Capital accumulation and the trend towards normal capacity utilisation in the United States

In this post we show that an increase in aggregate demand first generates an increase in   the use of productive equipment and then an increase in productive capacity. This suggests we do not need to worry about inflation after a fiscal or monetary stimulus to boost aggregate demand, but can rather expect higher investment in the long term along with utilisation returning to its pre-shock levels.   

A stylised fact that characterises modern economies is that part of the installed productive capacity is persistently idle. By productive capacity I mean the productive equipment (mostly fixed capital goods) in existence, together with that part of the workforce which is required to operate it. As we can see in Figure 1, in countries as diverse as Belgium, Finland or Lithuania, the effective utilisation of installed capacity often gravitates below 100%, and around 80% on average worldwide.

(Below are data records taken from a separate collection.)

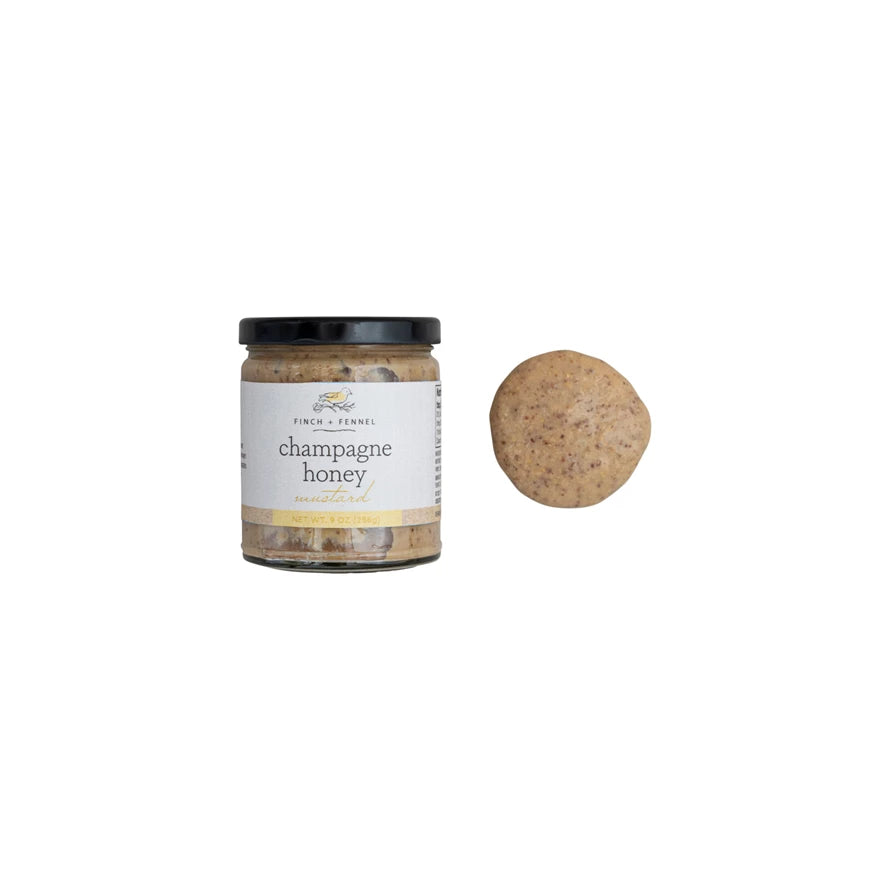 Champagne Honey Mustard 9oz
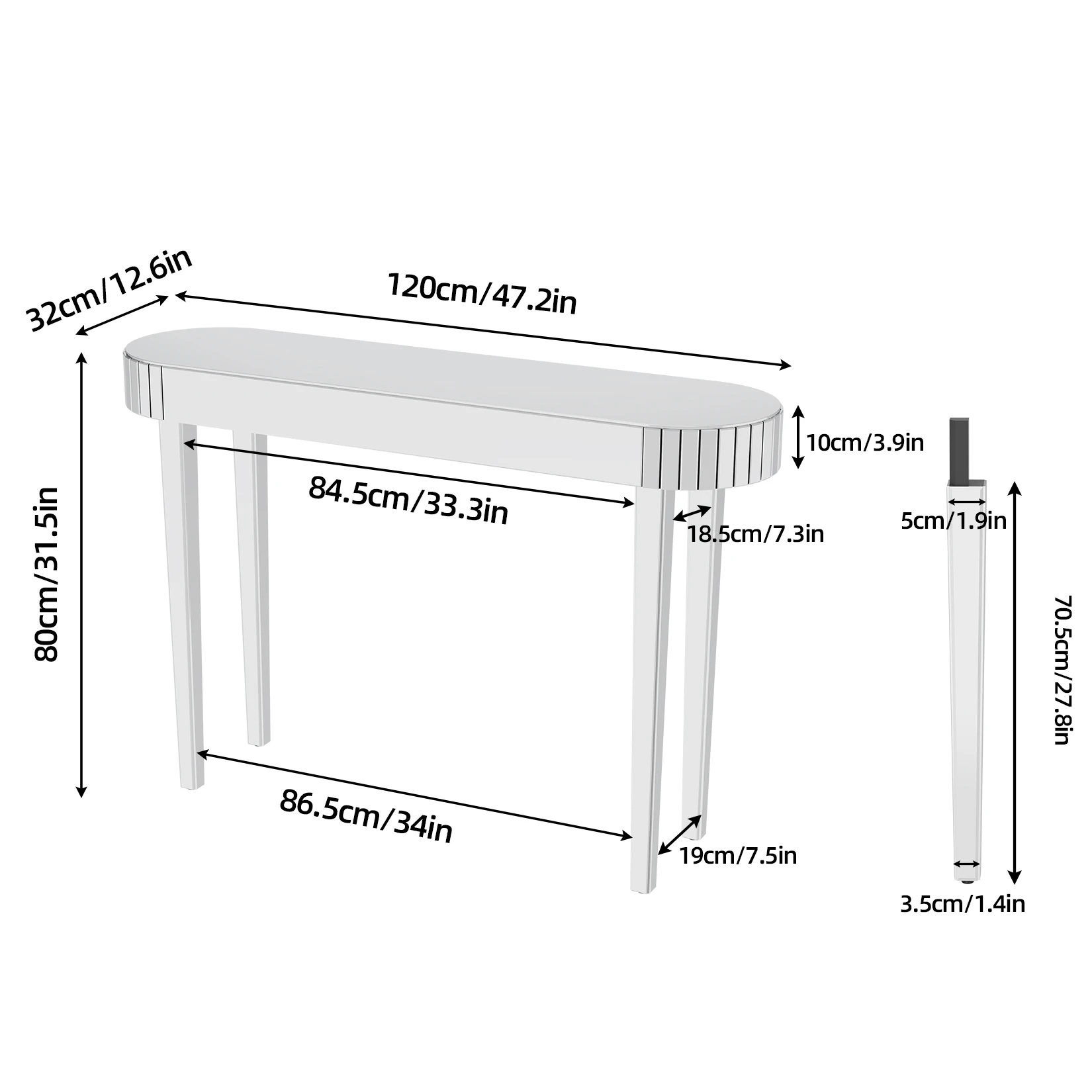 Consoble White – Image 4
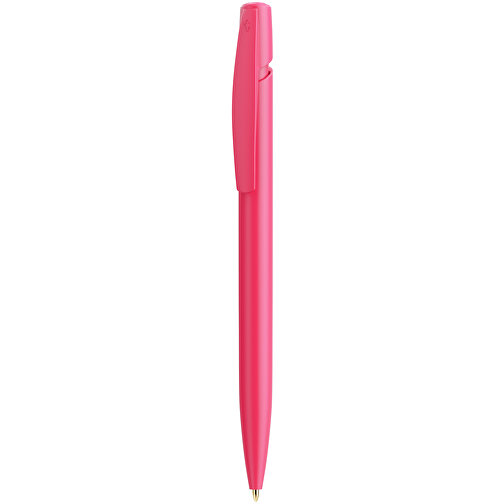 BIC® Media Clic Kugelschreiber Digital , BiC, fuchsia, Kunststoff, 14,70cm x 1,30cm (Länge x Breite), Bild 4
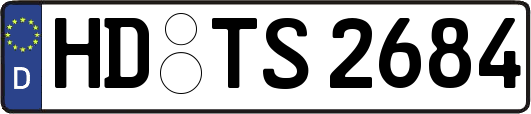 HD-TS2684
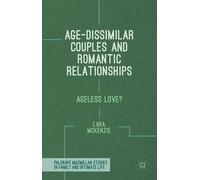 L. McKenzie Age-Dissimilar Couples and Romantic Relationships (Copertina rigida)
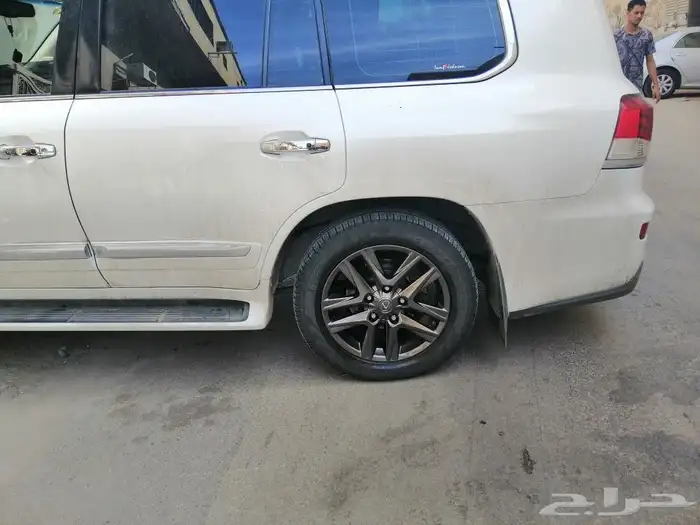 رش بوية لمعة ومطفي ورش جنوط ورش كليبرات 3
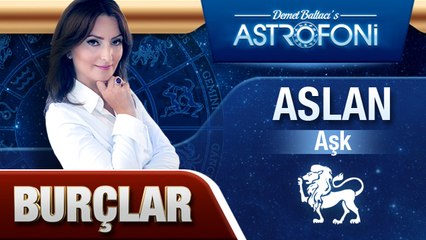 ASLAN BURCU AŞK VE CİNSELLİK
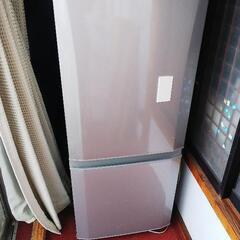 冷蔵庫　146L 一人暮らしサイズ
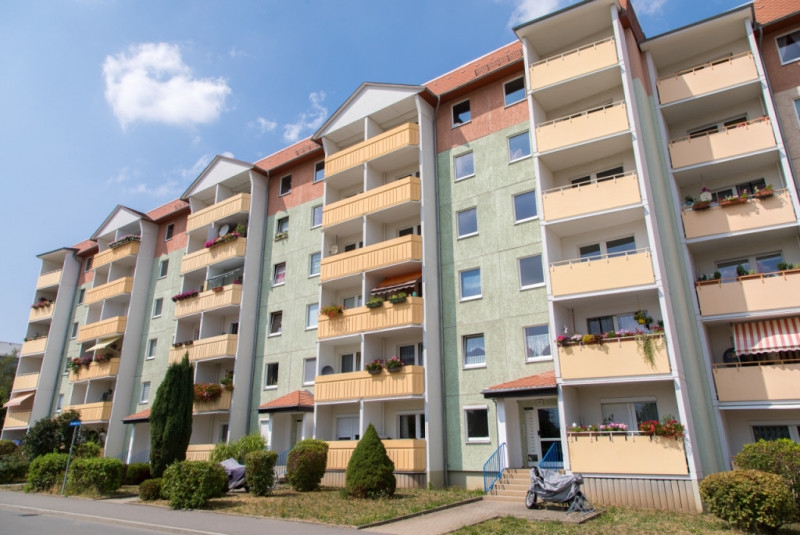 Eine neue Wohnung ist wie ein neues Leben…neu sanierte 2-RW mit Dusche & Balkon!!! - Detailansicht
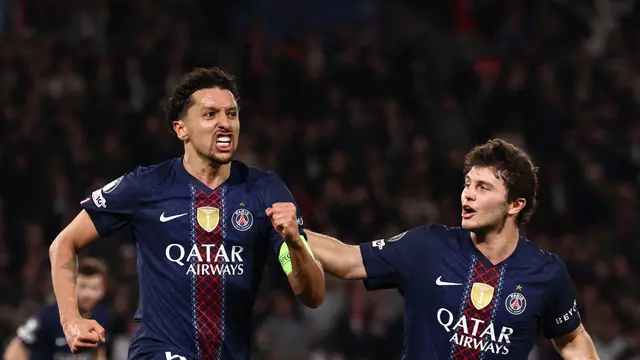 PSG Vs Monaco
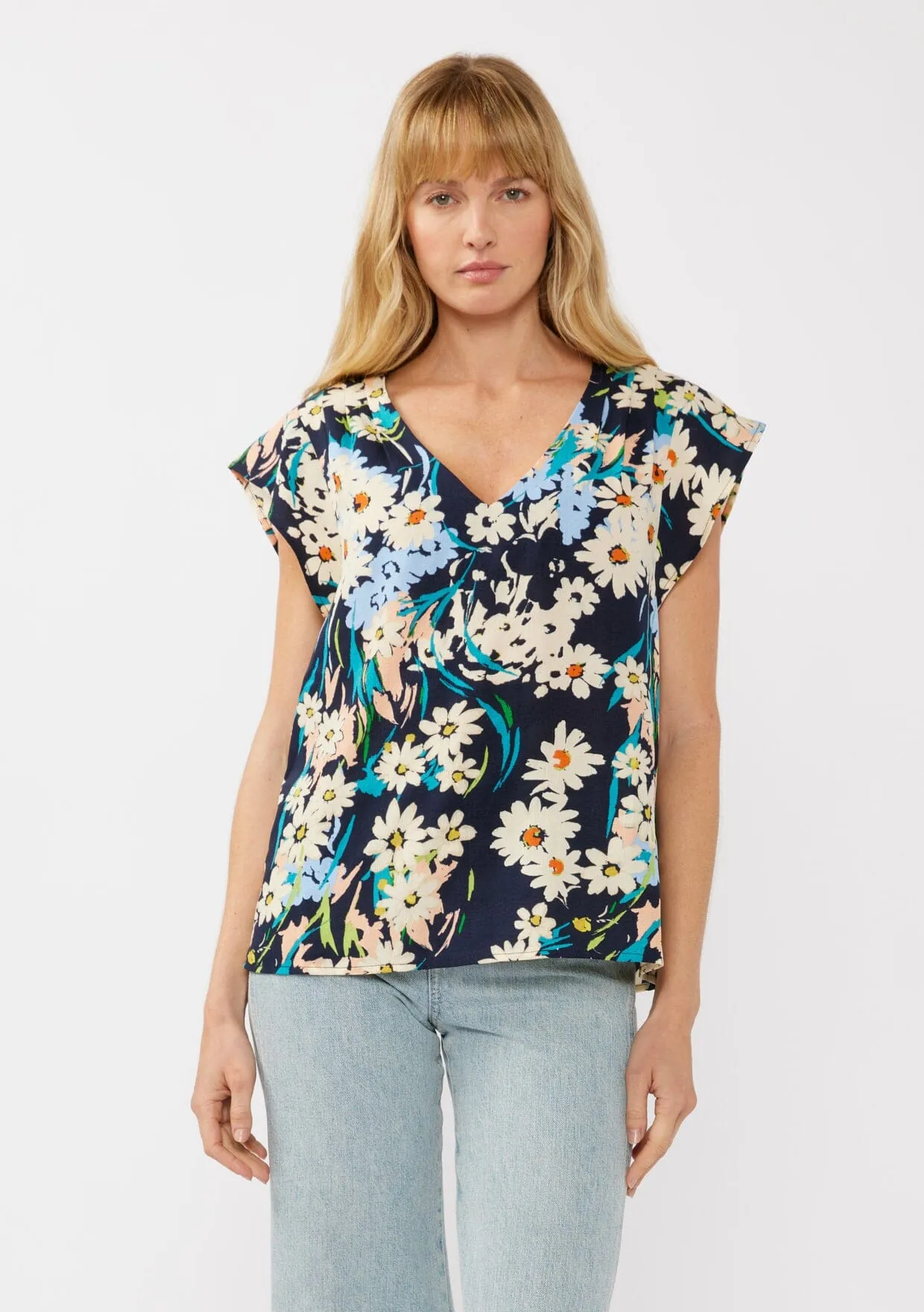 Daisy Daze Top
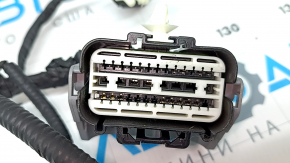Ford Fusion mk5 passenger seat wiring 13-20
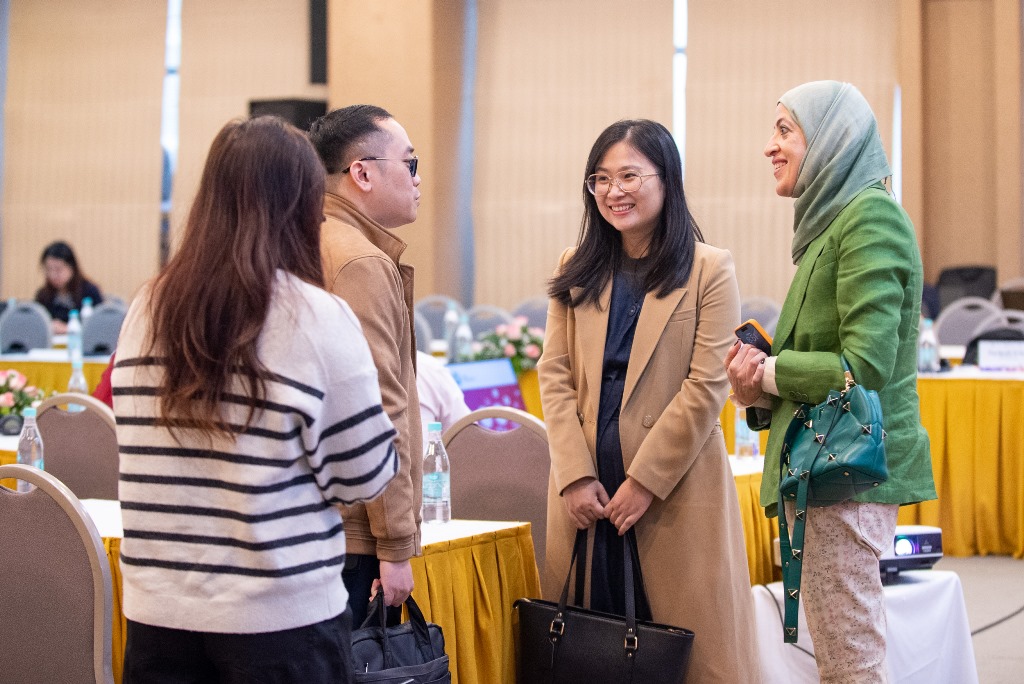 Hội thảo khoa học quốc tế về ngành Dược “Nâng cao năng lực cho các doanh nghiệp và cơ quan quản lý trong thực hành tốt về đăng ký, quản lý thuốc và thực thi hiệu quả pháp luật về dược” ngày 16/12/2025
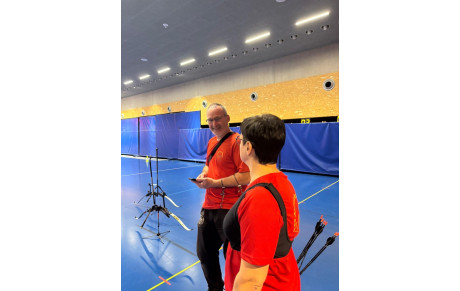 SwissOpen à Lausanne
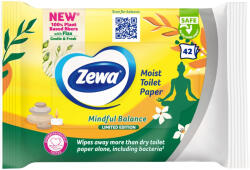 Zewa Limited Edition illatosított nedves toalettpapír 42 db
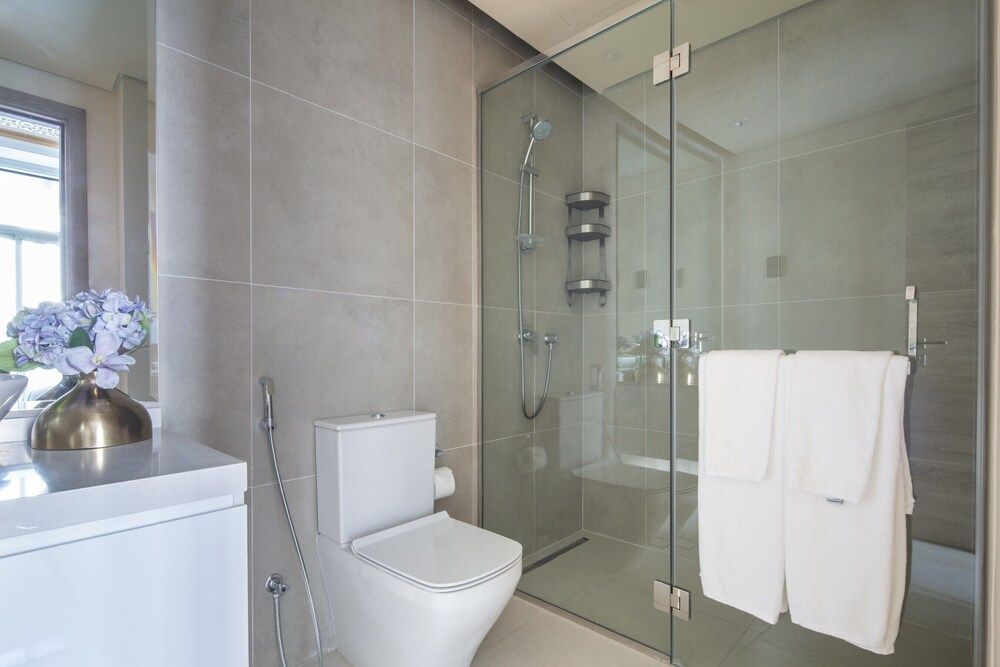 undefined Modern Arabian Themed 1BR Apartment in Dubai Marina 10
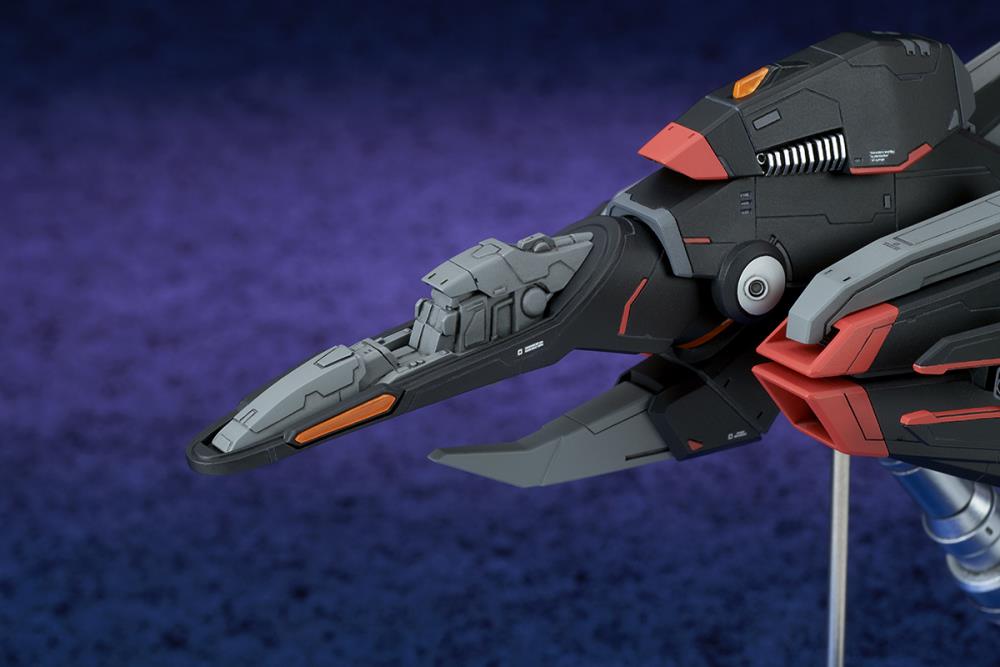 R-Type R-13A Cerberus 1/120 Scale Figure Gallery Image 11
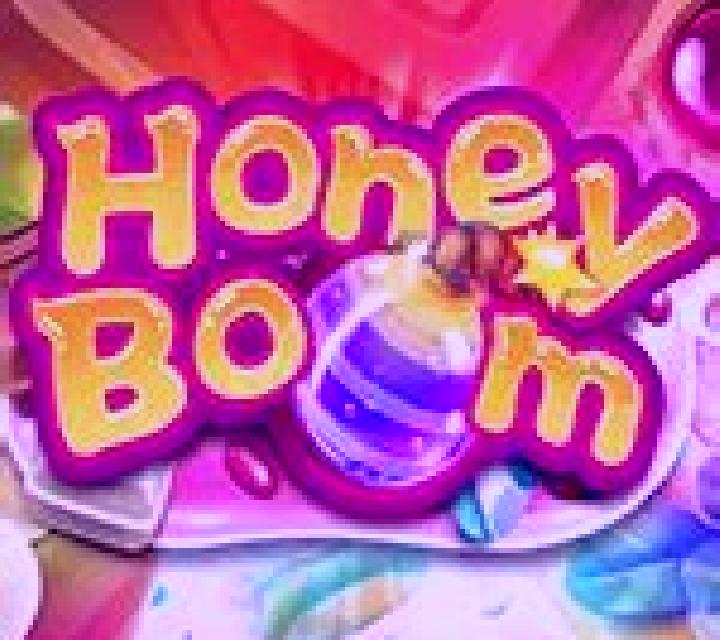 Honey Boom slot machine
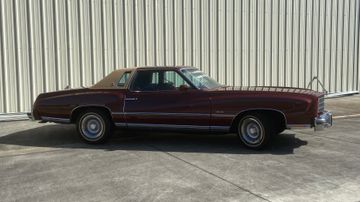 Chevrolet Monte Carlo, 1976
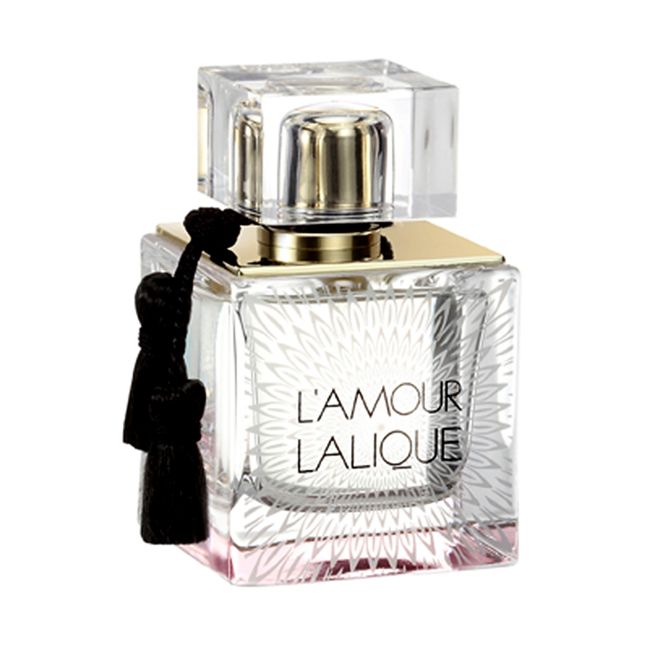 LALIQUE L'AMOUR parfumuotas moterų vanduo, 50 ml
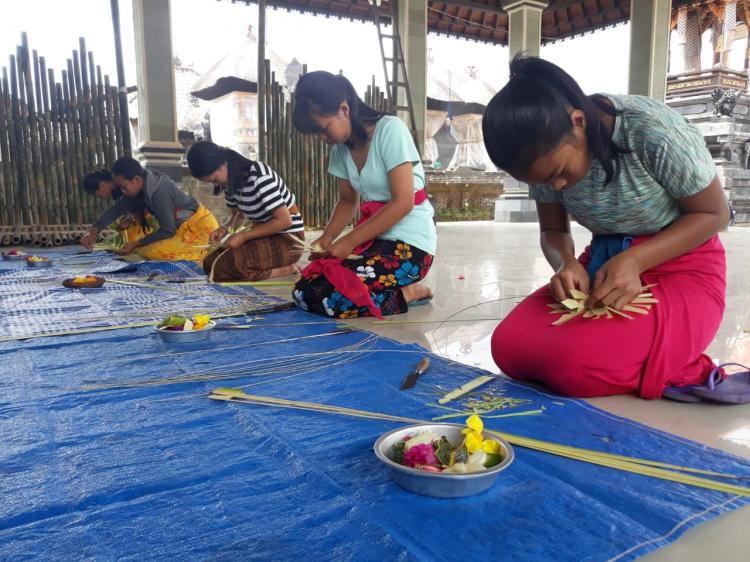 Wujud Pelestarian Seni Dan Budaya Dilakukan St Sekar Sari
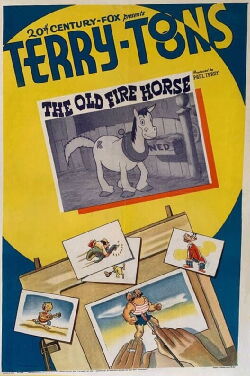The Old Fire Horse (1939)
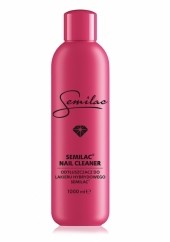 Semilac Nail Cleaner, odtłuszczacz, 1000ml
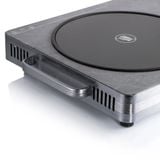  Bếp hồng ngoại Mishio MK417 mặt kính cường lực cao cấp 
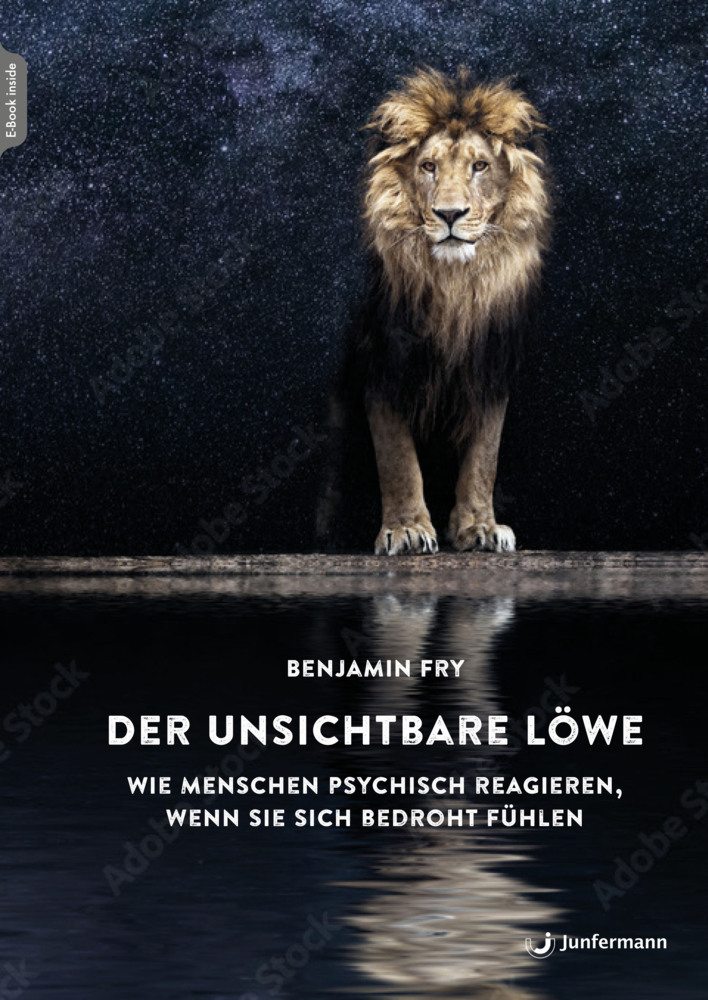 Der unsichtbare Löwe main product photo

Figure 1. Installed capacity utilisation by country (1998Q1-2017Q4).

Source: see Appendix I.

The academic consensus is that there are large margins of idle capacity planned by entrepreneurs. The reasons why entrepreneurs plan to operate with idle capacity vary according to the school of thought considered. At the risk of making a drastic simplification, we can say that while some authors think that entrepreneurs do so in order not to lose market share in the face of changes in demand, others tend to think that there is a rate of utilisation of installed capacity that does not accelerate inflation (Non-accelerating inflation rate of capacity utilisation, NAICU).